Within the entries below, please retype exactly the lines starting with the line that has "#15 20071 24" and going on through the line that has "Cuina de Pis", but not the pictures.

*** Opening Provided data ***

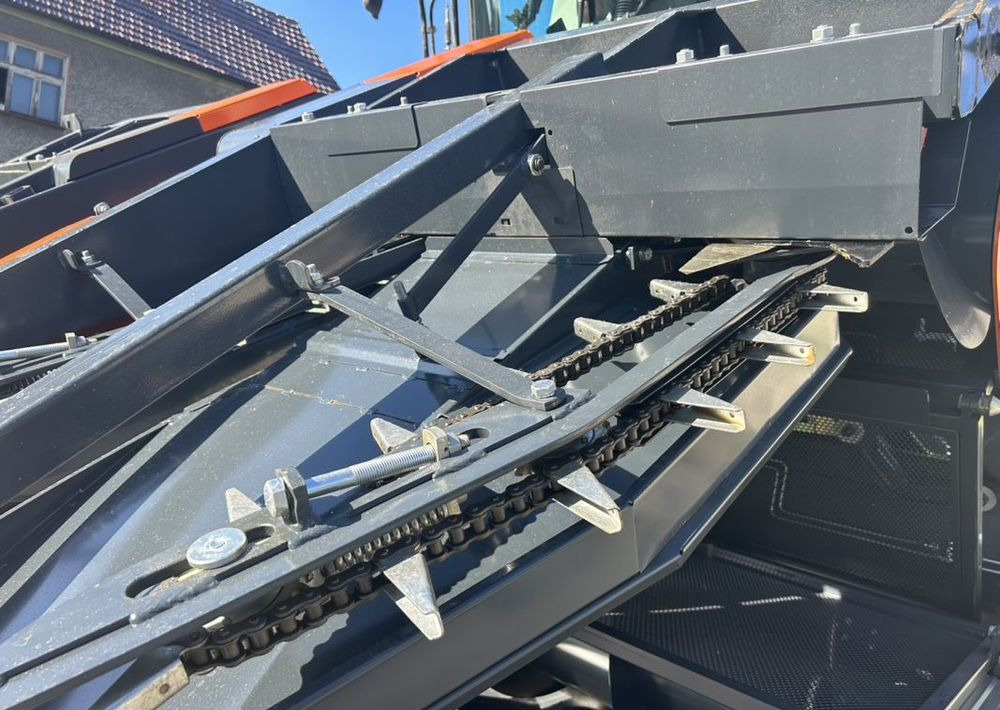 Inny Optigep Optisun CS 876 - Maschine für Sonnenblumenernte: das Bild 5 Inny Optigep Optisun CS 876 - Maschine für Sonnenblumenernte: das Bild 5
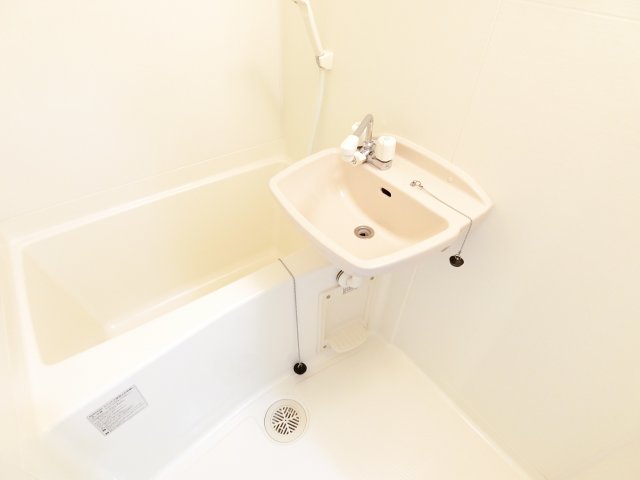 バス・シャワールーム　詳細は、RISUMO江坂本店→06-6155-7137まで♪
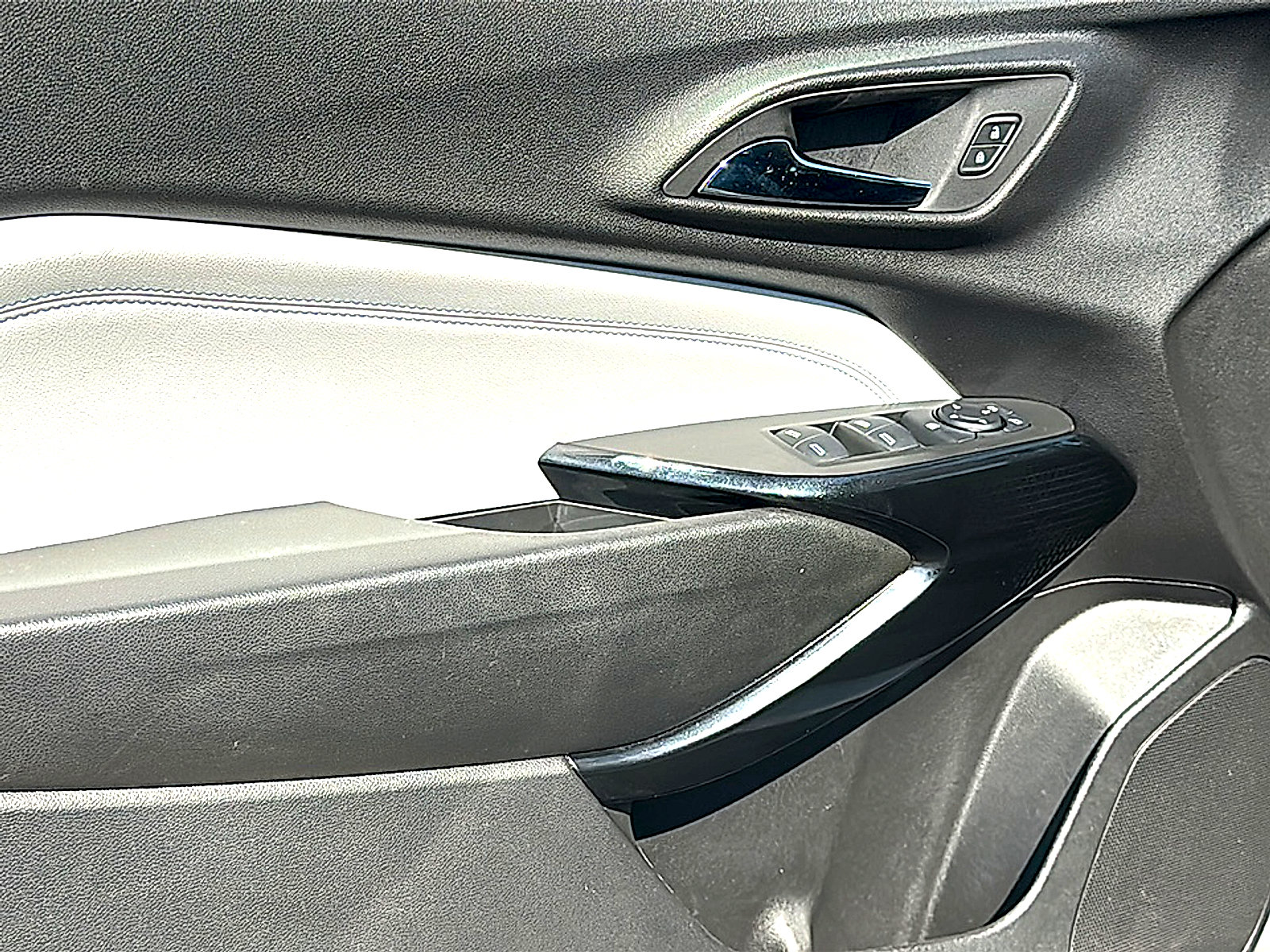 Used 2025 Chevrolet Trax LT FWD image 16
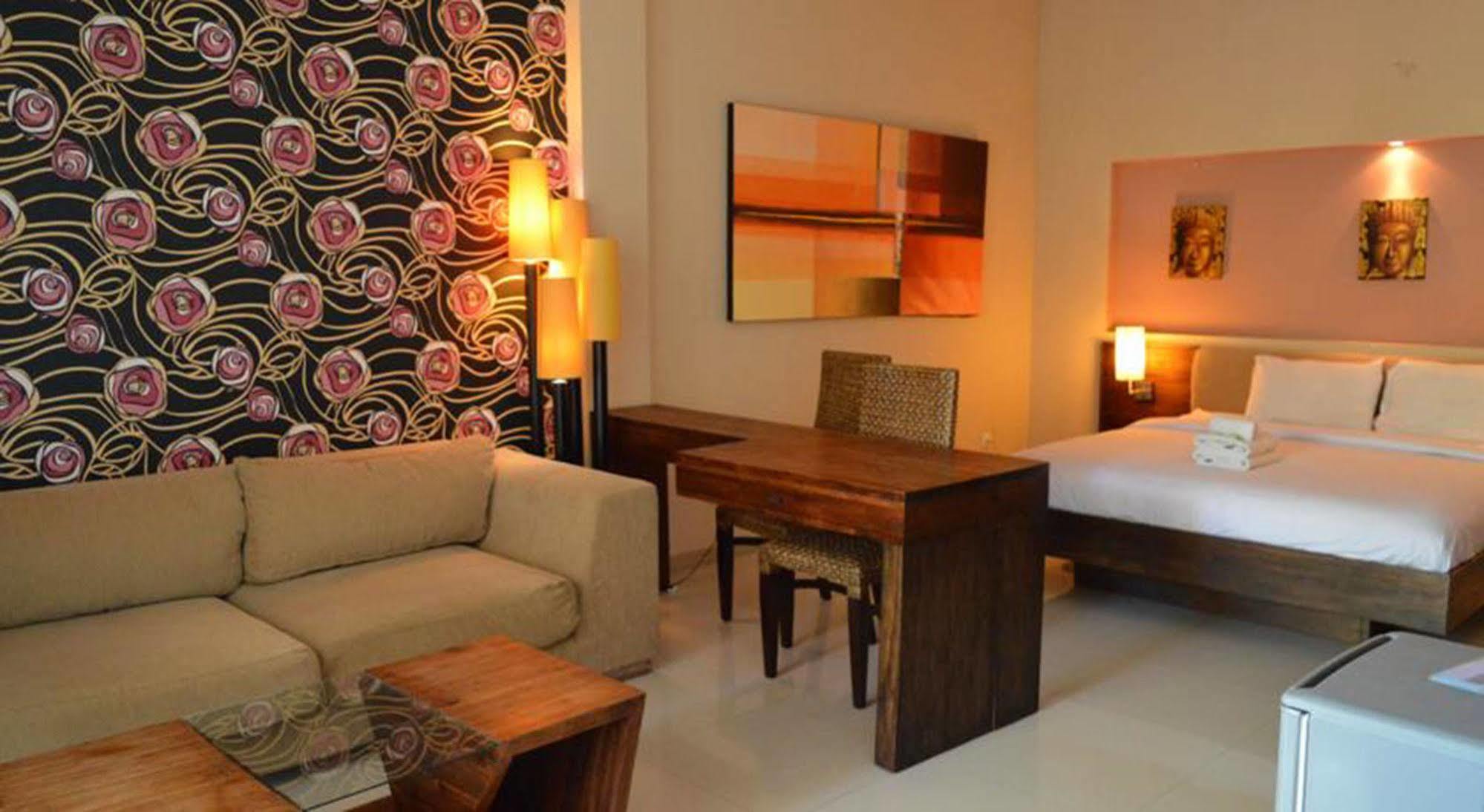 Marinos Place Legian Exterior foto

*** Closing Provided data ***
*** Opening Provided data ***

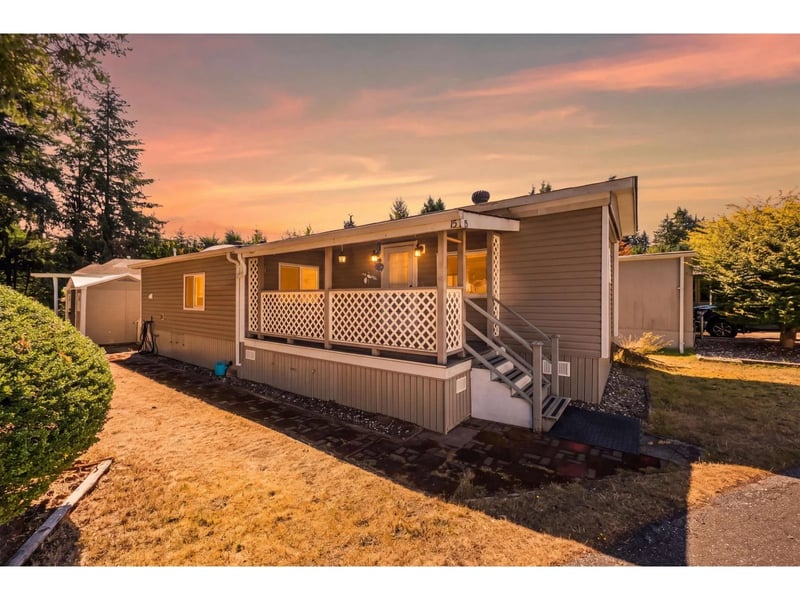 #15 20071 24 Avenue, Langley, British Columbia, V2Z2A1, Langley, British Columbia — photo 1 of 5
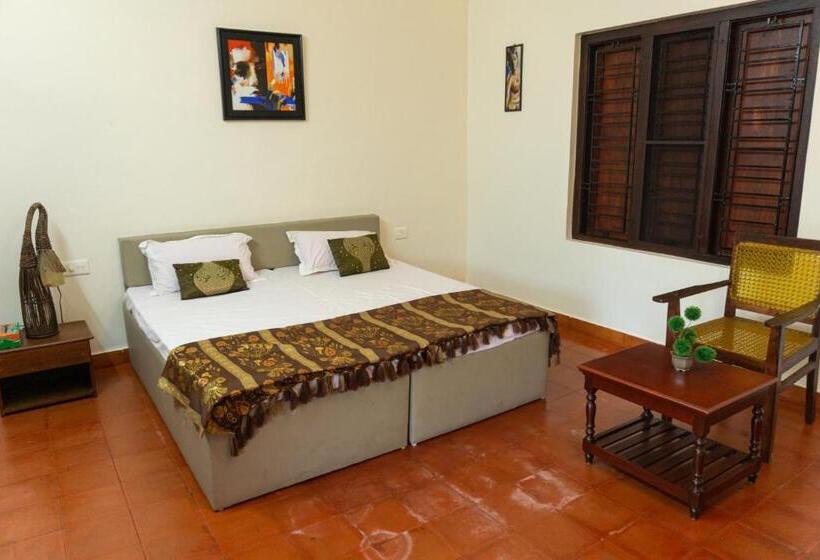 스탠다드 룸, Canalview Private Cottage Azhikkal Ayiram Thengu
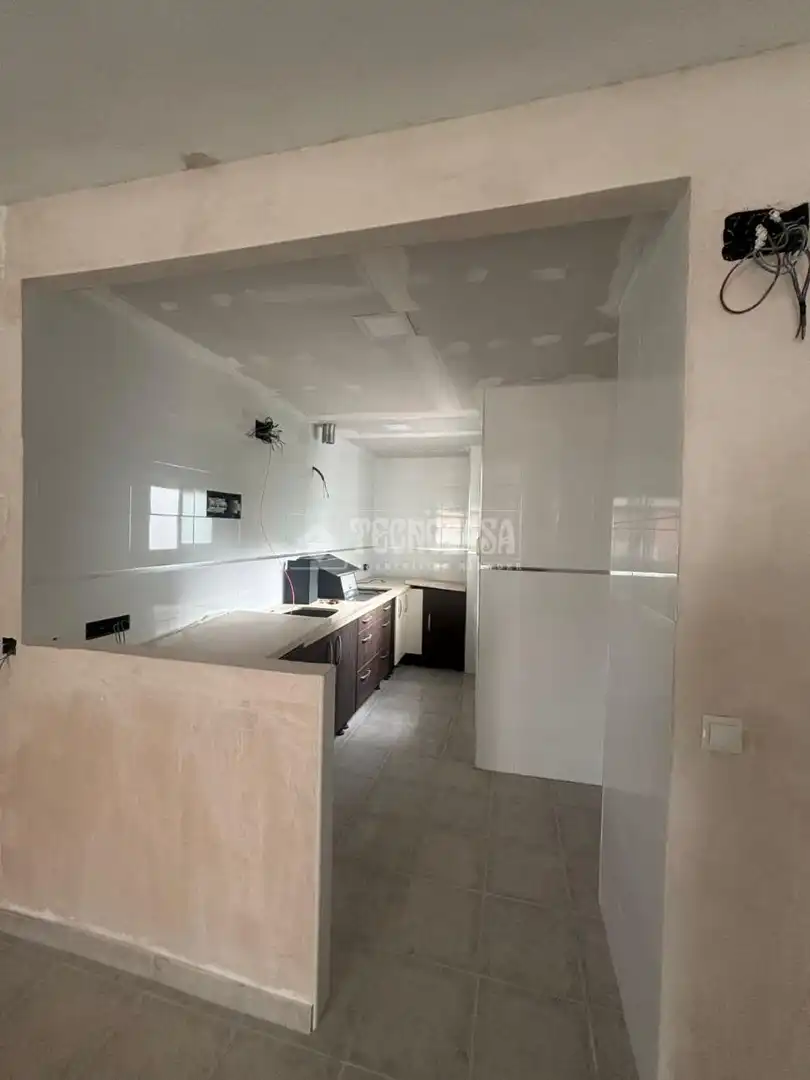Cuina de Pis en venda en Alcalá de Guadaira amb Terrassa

*** Closing Provided data ***
*** Opening Provided data ***

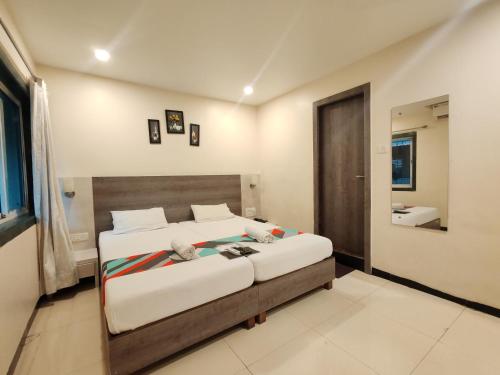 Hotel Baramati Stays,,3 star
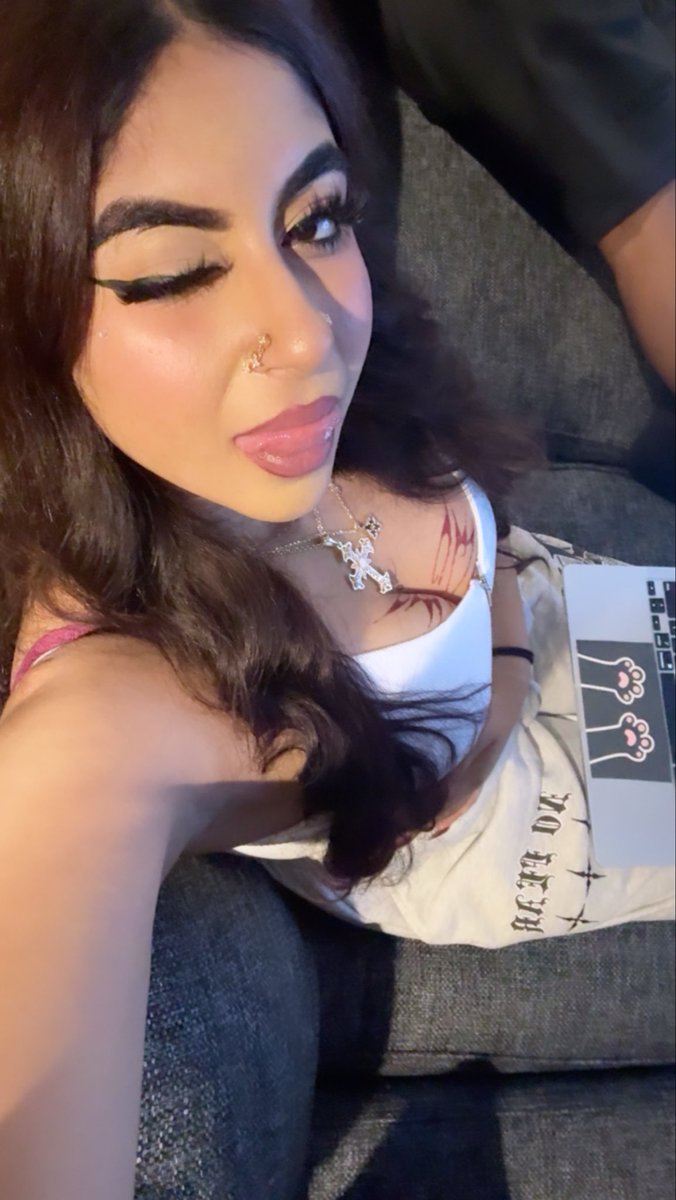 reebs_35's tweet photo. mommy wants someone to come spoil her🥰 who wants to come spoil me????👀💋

*** Closing Provided data ***

Answer below
 #15 20071 24 Avenue, Langley, British Columbia, V2Z2A1, Langley, British Columbia — photo 1 of 5
 스탠다드 룸, Canalview Private Cottage Azhikkal Ayiram Thengu
Cuina de Pis en venda en Alcalá de Guadaira amb Terrassa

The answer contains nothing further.